Plasminogen Deficiency and Amiloride Mitigate Angiotensin II-Induced Hypertension in Type 1 Diabetic Mice Suggesting Effects Through the Epithelial Sodium Channel

Abstract

Background Diabetic nephropathy is a common diabetes mellitus complication associated with hypertension, proteinuria, and excretion of urinary plasmin that activates the epithelial sodium channel, ENaC, in vitro. Here we hypothesized that the deletion of plasminogen and amiloride treatment protect against hypertension in diabetes mellitus. Methods and Results Male plasminogen knockout (plasminogen-deficient [Plg^-/-]) and wild-type mice were rendered diabetic with streptozotocin. Arterial blood pressure was recorded continuously by indwelling catheters before and during 10 days of angiotensin II infusion (ANGII; 30-60 ng/kg per minute).

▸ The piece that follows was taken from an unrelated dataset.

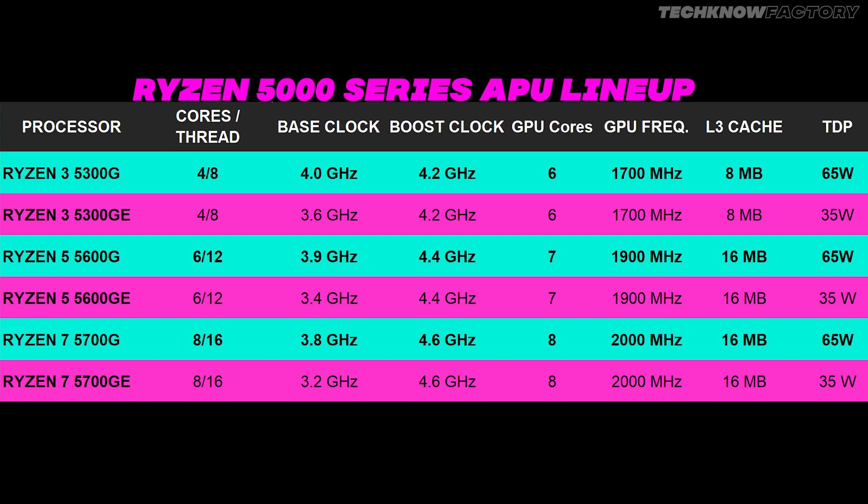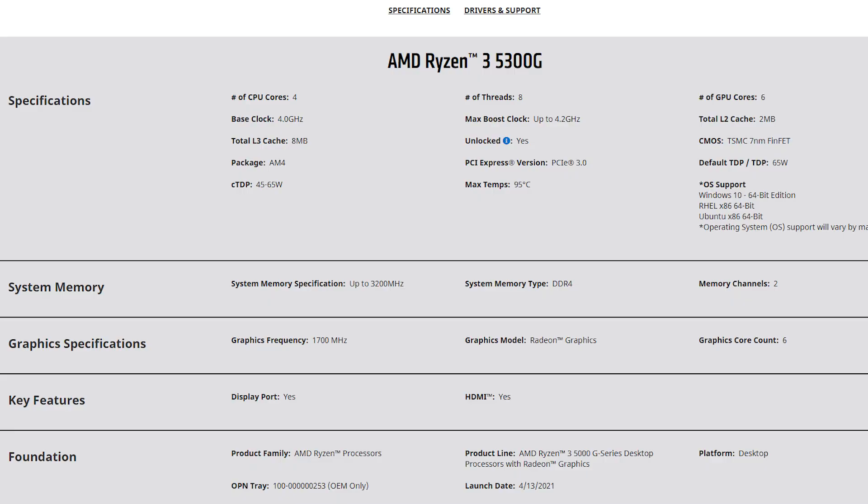In the 5000 series APU lineup, Ryzen 3 includes the 5300G and 5300GE. Ryzen 5 is the 5600G and 5600GE. Similarly, Ryzen 7 is the 5700G and 5700GE. The GE series is mostly not our option — the G series is what is mostly market available. For the G series: the entry-level 5300G has 4 cores and 8 threads, a base clock of 4 GHz, boost of 4.2 GHz, 6 GPU cores at 1700 MHz, 8 MB L3 cache, and a TDP of 65 watts.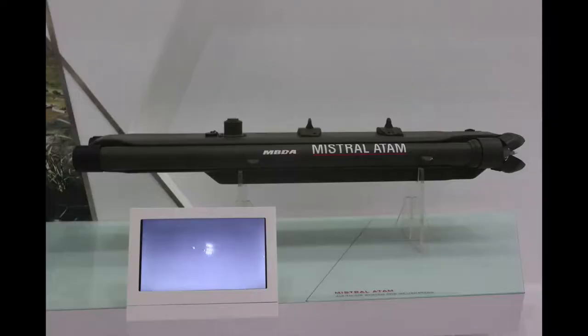Another system we are exhibiting at AeroIndia is the Mistral system. Mistral is a short-range air defence system and it's been selected by the Indian Air Force to protect their helicopters. On the ATOM system, which carries two Mistral missiles per launcher, a helicopter can carry four Mistral missiles to provide the ability to engage other aircraft, helicopters, or cruise jets.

The effect of amiloride infusion (2 mg/kg per day, 4 days) was tested in wild-type, diabetic ANGII-treated mice. Streptozotocin increased plasma and urine glucose concentrations and 24-hour urine albumin and plasminogen excretion. Diabetic Plg^-/- mice displayed larger baseline albuminuria and absence of urine plasminogen. Baseline mean arterial blood pressure did not differ between groups. Although ANGII elevated blood pressure in wild-type, diabetic wild-type, and Plg^-/- control mice, ANGII did not change blood pressure in diabetic Plg^-/- mice. Compared with ANGII infusion alone, wild-type ANGII-infused diabetic mice showed blood pressure reduction upon amiloride treatment. There was no difference in plasma renin, ANGII, aldosterone, tissue prorenin receptor, renal inflammation, and fibrosis between groups. Urine from wild-type mice evoked larger amiloride-sensitive current than urine from Plg^-/- mice with or without diabetes mellitus. Full-length γ-ENaC and α-ENaC subunit abundances were not changed in kidney homogenates, but the 70 kDa γ-ENaC cleavage product was increased in diabetic versus nondiabetic mice. Conclusions Plasmin promotes hypertension in diabetes mellitus with albuminuria likely through the epithelial sodium channel.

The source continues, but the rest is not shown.